**Crawled caption data:**
..............................

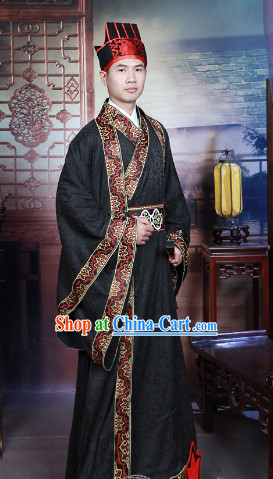Chinese Traditional Clothing and Hat for Men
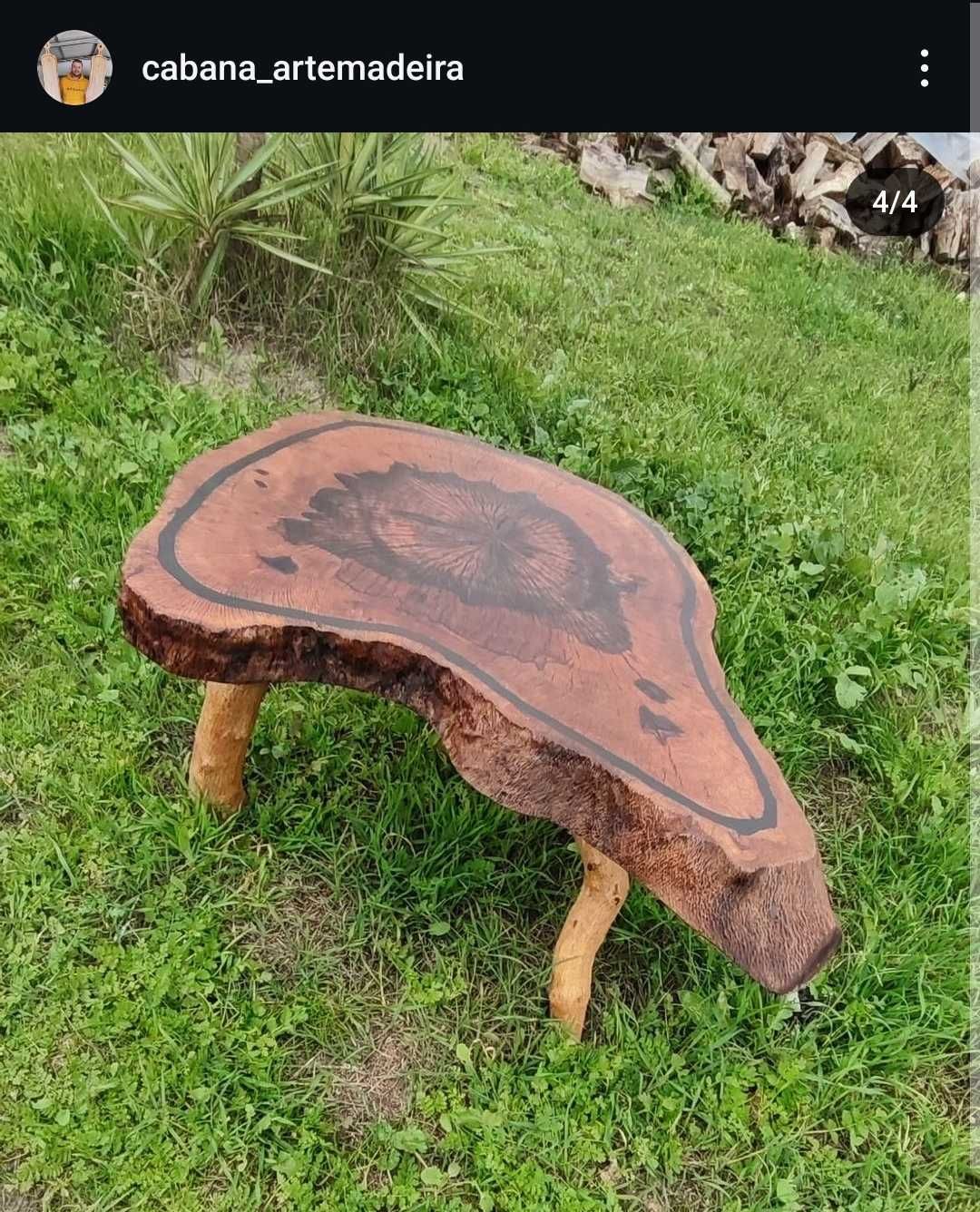 Mesa de centro em rodela de madeira
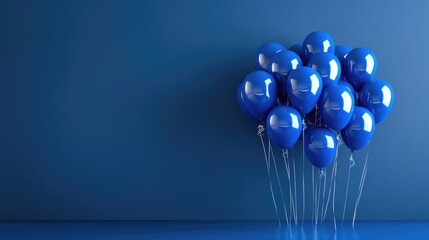 Leinwandbilder - Blue balloons floating on dark blue background, elegant birthday celebration or holiday party template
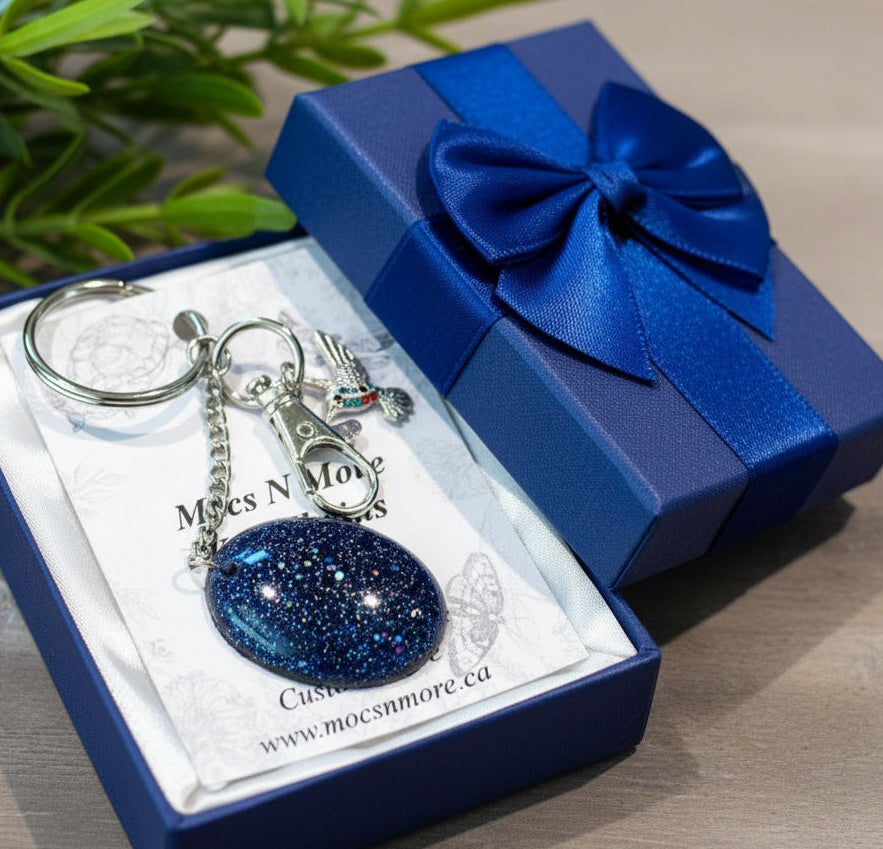Mocs N More - Hummingbird Blue Keychain
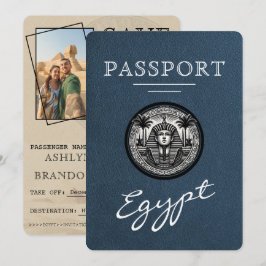 Reserva La Fecha Pasaporte Azul Marino Egipto Boda Save the Date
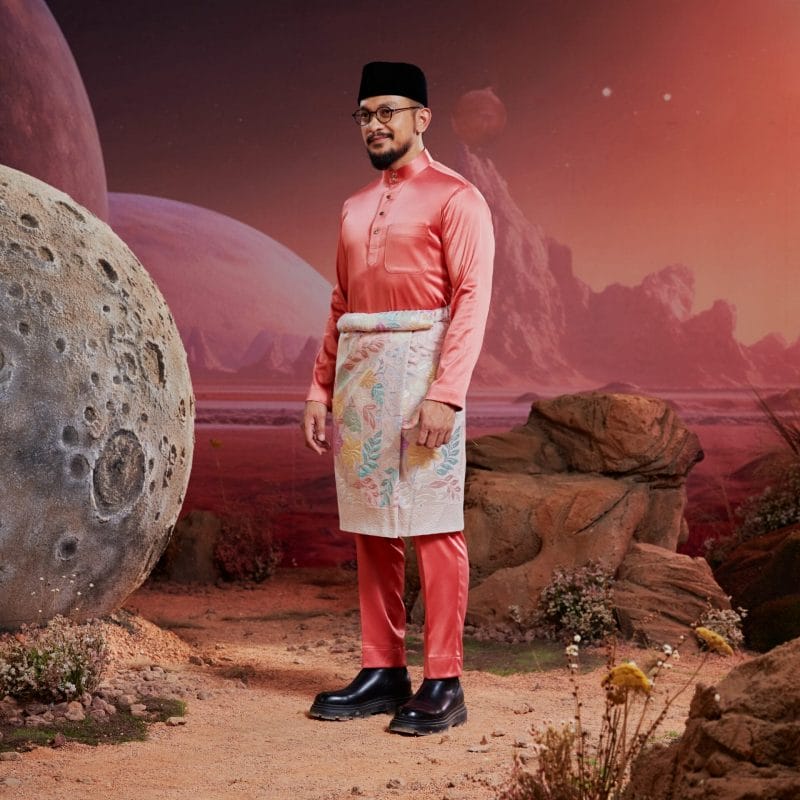 Baju Melayu Dewasa Tailored Fit - Salmon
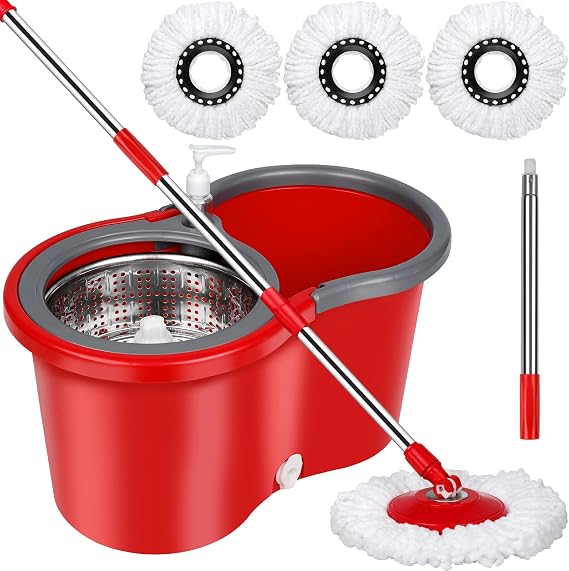Spin Mop and Bucket Set, 360 Spin Mop and Bucket with Wringer Set and 3 Microfiber Mop Refills, Stainless Steel 61" Extended Handle Spinning Mop Bucket System for Floor Cleaning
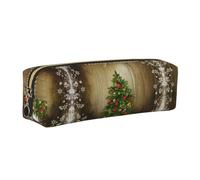 EWQrtyy Christmas Tree2 - Astuccio in pelle per penne e matite, con cerniera, porta accessori, borsa per cancelleria, regalo per il ritorno a scuola, Oro, Taglia unica, Astuccio per trucchi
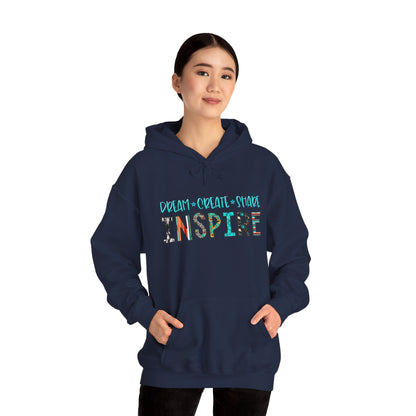 Dream Create Share Inspire Hoodie – Motivational Teacher Western Pullover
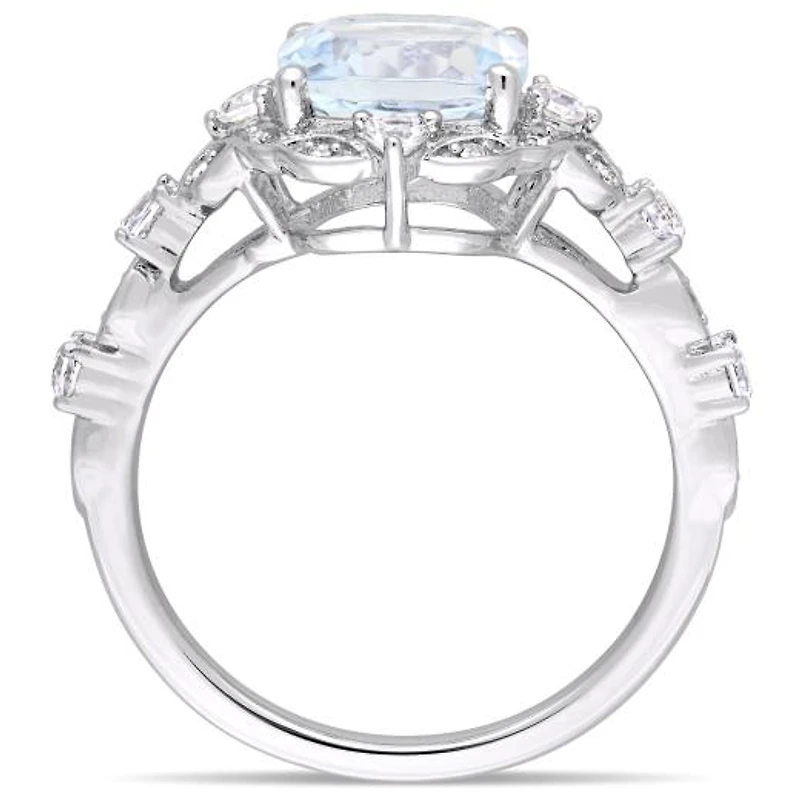 Julianna B 14K White Gold Aquamarine White Sapphire & Diamond Ring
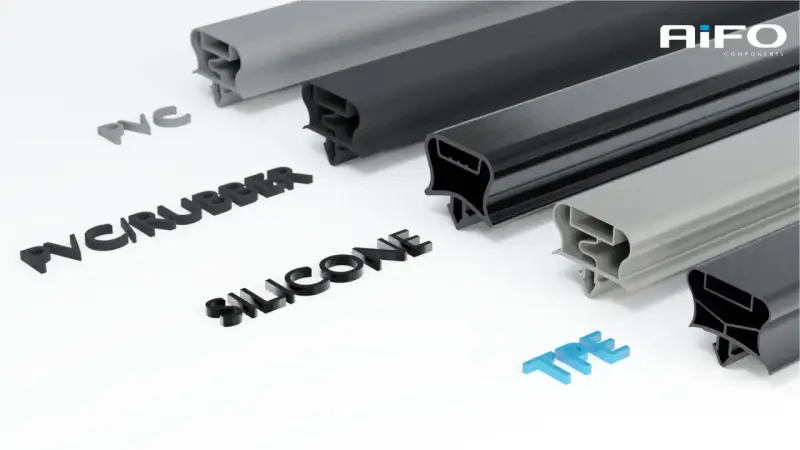 Próbki profili z różnych materiałów: PVC, PVC/RUBBER, SILICONE i TPE.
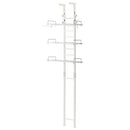 つっぱり式ランドリーラック〔ハンガーバー付き〕 洗濯機ラック ランドリーラック 突っ張り 伸縮 収納 棚 3段 おしゃれ ランドリー収納 スリム 幅60 縦型 洗濯機上 タオル収納 大理石 調 ハンガーバー ぼん家具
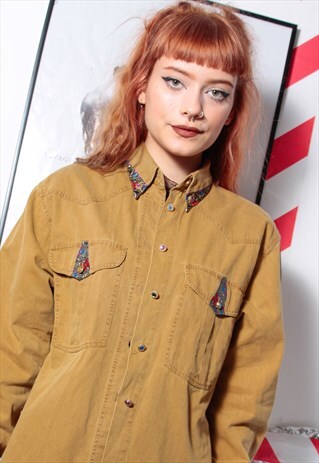 80S MUSTARD WASHED DENIM PAISLEY COLORFUL SHIRT 90S GRUNGE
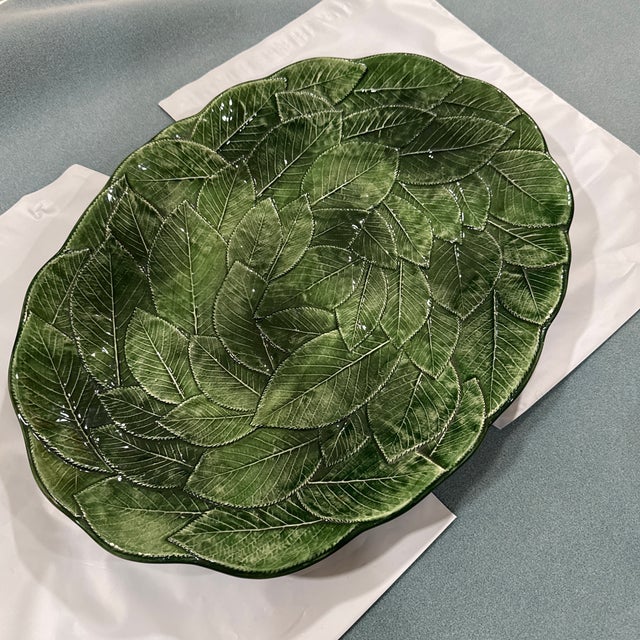 Mid 20th Century Mid 20th Century Italian Green Leaf Oval Platter For Sale - Image 5 of 9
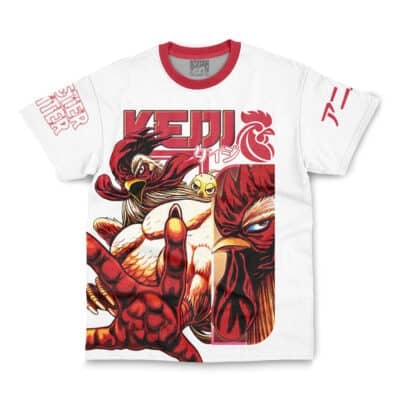 The Mirko My Hero Academia Streetwear T-Shirt (Copy) is a white tee with red trim, dynamic comic-style rooster art, bold Japanese text, and eye-catching graphics on the front, sleeves, and collar.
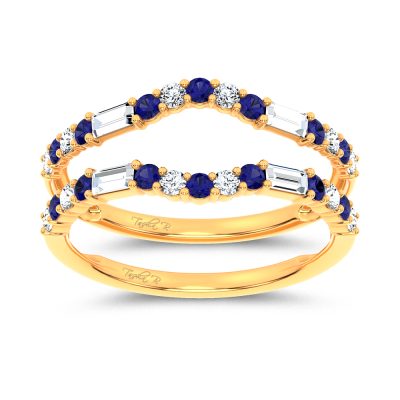 14K 0.37CT Natural SAPPHIRE RING GUARD with 0.25CT Lab Grown Diamonds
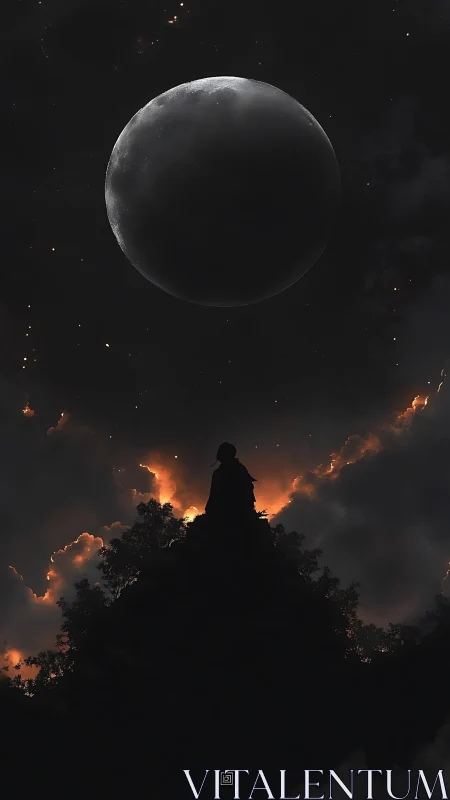 Lone cloaked figure on forested peak beneath eclipsed moon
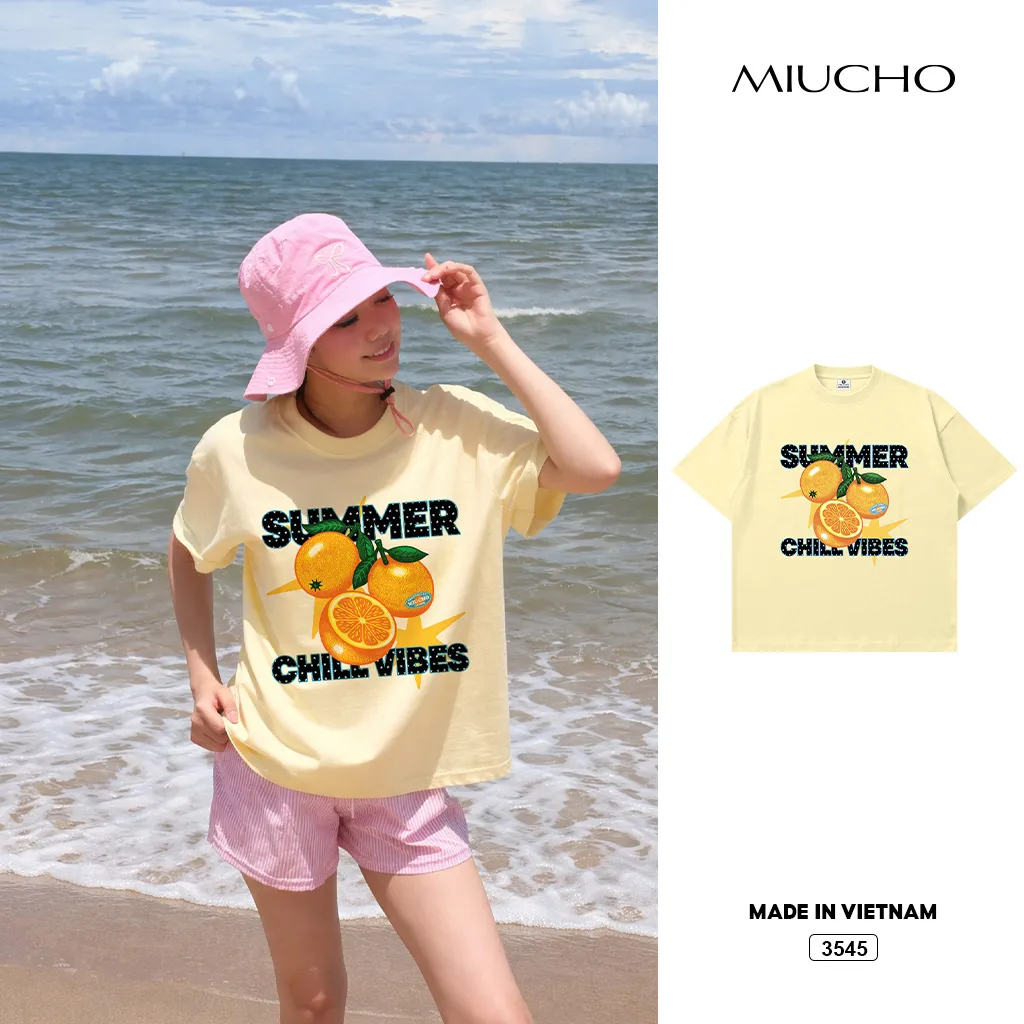 Áo thun boxy nam nữ Orange Miucho tôn dáng 3545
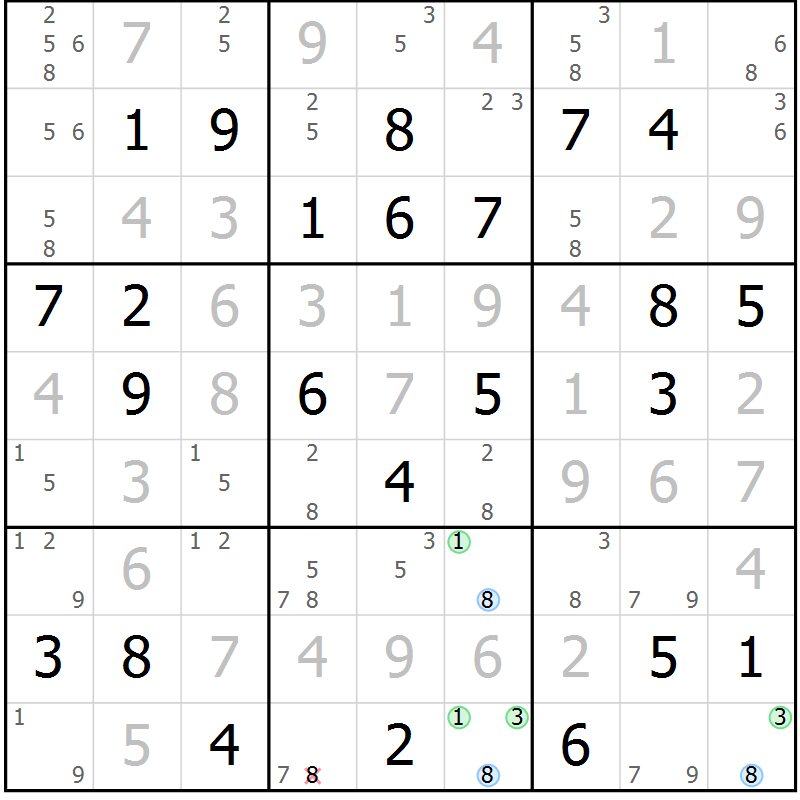Position des candidats pour la solution de la Gr 67 page 70 du magazine de sudoku Virtuose n° 104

..............................

**Exercise aim:** Lines from the one holding "Lone cloaked figure" down to the last line of the entries above must be retyped exactly, inclusive of both, with no pictures and nothing else.

**Result below:**
 Lone cloaked figure on forested peak beneath eclipsed moon
 Áo thun boxy nam nữ Orange Miucho tôn dáng 3545
Position des candidats pour la solution de la Gr 67 page 70 du magazine de sudoku Virtuose n° 104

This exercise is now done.